Natural wines tend to be lighter, more dynamic, and with more vivid and complex aromas and flavours than broadly available conventional wines. If you’re tired of heavy, sweet, and generic wines that always taste the same, then you’ll find natural wines to be an exciting change.
Natural wine makers reject the large-scale, agro-business model from which comes most of the wine on offer today. They reject conventional techniques and technologies used to produce large volumes of ordinary and standardized wine as quickly and cheaply as possible. In order to be profitable, conventional wineries often use copious amounts of chemical fertilizers, as well as pesticides, insecticides, fungicides (and other things that rhyme with homicide, to paraphrase the great Lalou Bize-Leroy!). Their toll on the land is enormous and unsustainable.

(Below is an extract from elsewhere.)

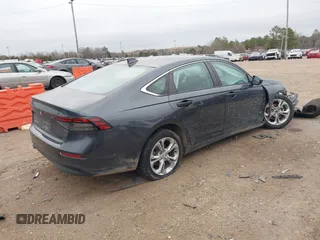 2023 Honda Accord LX with VIN 1HGCY1F22PA010085, listed as a IAAI auction lot 41675755 with Not Provided miles and . Bid and sale history available at carsss.com. Image 4.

In natural wine, the objective is not to turn a profit, but to make a living offering the very best of what the terroir – the land, the climate, the vines, and the maker's own skill – has to offer.
Natural wine makers are small-scale producers, growing their fruit organically or biodynamically. They harvest by hand, in small batches. In the cellar, their methods are artisanal. Fermentations are spontaneous and rigorously followed avoiding the use of synthetic yeasts, additives, fining agents, and other technological interventions and manipulations. Filtration is kept to a minimum, and usually avoided. The results are pure expressions of grape variety and geographic origin.
The use, or not, of sulphites is a never-ending discussion in the world of natural wine. If ideally none are added, we recognise that in some cases they may be necessary to protect wines from flaws or spoilage, but only in quantities that are infinitely smaller than what is practiced in conventional winemaking.
This is what’s natural about natural wine. Fermented grape juice - and nothing else - that tells a story of people and places. So uncork a bottle and enjoy its goodness... once you’re hooked, there’s no going back!